さあ、自転車大好きな良い子のみなさん、夏の自由研究はコレで決まりダーッ!
ところでルートラボの評価は・・・
価格評価→★★★★★
評 価→★★★★☆
年 式→2018
ここからは参考まで。
■■■ GPXデータの処理 ■■■
最初にチラと触れたルートラボのGPXデータですが、グラフを描くために次のような処理をしています。
■ 1 ■ データをEXCELなどで扱えるようにする
次のデータセットが一組で、これが乗鞍ヒルクライムだと全体で732組だけあります。まずはテキストでファイルを開いてMSワードなどにコピペします。実は、下の3行はワードにコピペした状態です。
<trkpt lat="36.12156805555556" lon="137.62361">
<ele>1458.9</ele>
</trkpt>
ここからXML言語部分を削除します。MSワードの検索置換機能を使って、取り除き、つぎのように半角スペースを挟んで3つの数値、つまり、北緯、東経、標高、を残します。
36.12156805555556 137.62361 1458.9
乗鞍ルートの場合、この3つの数字が縦に732行だけ、ずら~っと並びますので、これをEXCELシートに732行×3列で貼り付けたり、フリーソフトのSCILABやOctaveで読み込むなどして、数値計算・グラフ作成が可能な環境に持ち込みます。
■ 2 ■ 地球の定義(笑)
標高0mを与える基準としての地球半径を定義します。
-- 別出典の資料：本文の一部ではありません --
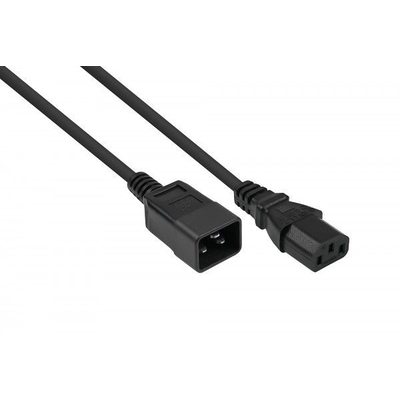 Product Καλώδιο Τροφοδοσίας Kabelmeister cold appliance extension C20 to C13 black. 3m base image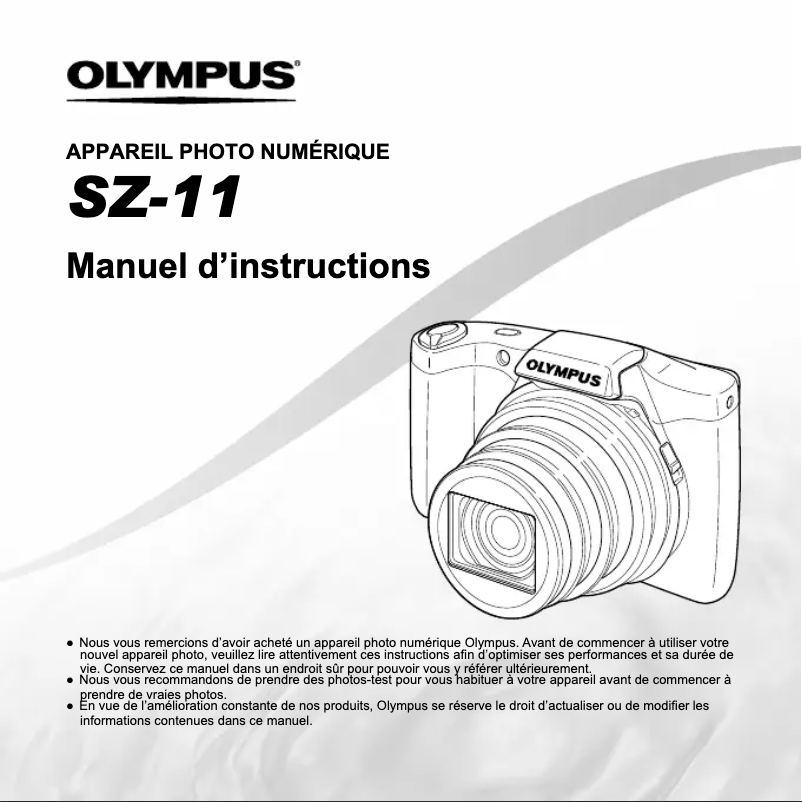 Página 1 del manual Manual de usuario Olympus Traveller SZ-11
これには「ジオイド」「楕円体」「回転楕円体」「測地基準系」など、さまざまな定義があってクラクラしそうになりますが、回転楕円体である “GRS80 1980” の定義を使うことにします。
参考文献→
https://desktop.arcgis.com/ja/arcmap/latest/map/projections/about-the-geoid-ellipsoid-spheroid-and-datum-and-h.htm■ 3 ■ GPXデータの地球表面への貼り付け
以下の手順を踏みます
●GPXデータの隣り合う2つのトラックポイント間の差分値を以下のように定義します
緯度latの差分値をΔlat、
経度longの差分値をΔlong、
標高elevの差分値をΔelev
●回転楕円体 “GRS80 1980” の長半径Rpは6378137m、短半径Reは6356752.31425mです。
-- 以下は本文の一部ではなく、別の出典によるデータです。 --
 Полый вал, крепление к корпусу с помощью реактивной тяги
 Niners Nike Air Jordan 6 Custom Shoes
●当該トラックポイントでの地球半径を上記のRpとReと緯度から算出しこれをRとします
●≪地球半径R+標高elev≫と≪緯度差分Δlat, 経度差分Δlong, 標高差分Δelev≫を使って、走行距離差分Δxを算出します
●同じく、半径Rの地球の表面に投影した ≪緯度方向投影距離差分Δxlat≫ と ≪経度方向走行距離差分Δxlong≫ を算出します
●走行距離差分Δxは標高も含めた3次元の距離であり、次の関係があります
Δx^2 ≒ Δxlat^2 + Δxlong^2 + Δelev^2
ただし、上記の近似等号(≒)は等号(=)として全く差支えありません。
●上式で求めたΔxを逐次加算すると、最終的な走行距離が判明します
●Δelevが正数の場合に関してΔelevをすべて加算すれば、最終的な獲得登坂標高が得られ、Δelevが負数の場合に関してΔelevをすべて加算すれば、最終的な獲得降坂標高が得られます
*─・‥…─*─・‥…─*─・‥…─*─・‥…─*─・‥…─*─・‥…─*
なお、EXCELによる3次元プロットは
http://www.doka.ch/Excel3Dscatterplot.htmの
http://www.doka.ch/Excel3Dscatterplotv2_1.zipが便利そう。
汎用的な3次元プロットは、フリーの技術計算ソフト「Scilab」や「Octave」が便利です。こういう強力な計算ツールがフリーソフトだなんて、不思議な時代になったものですねぇ。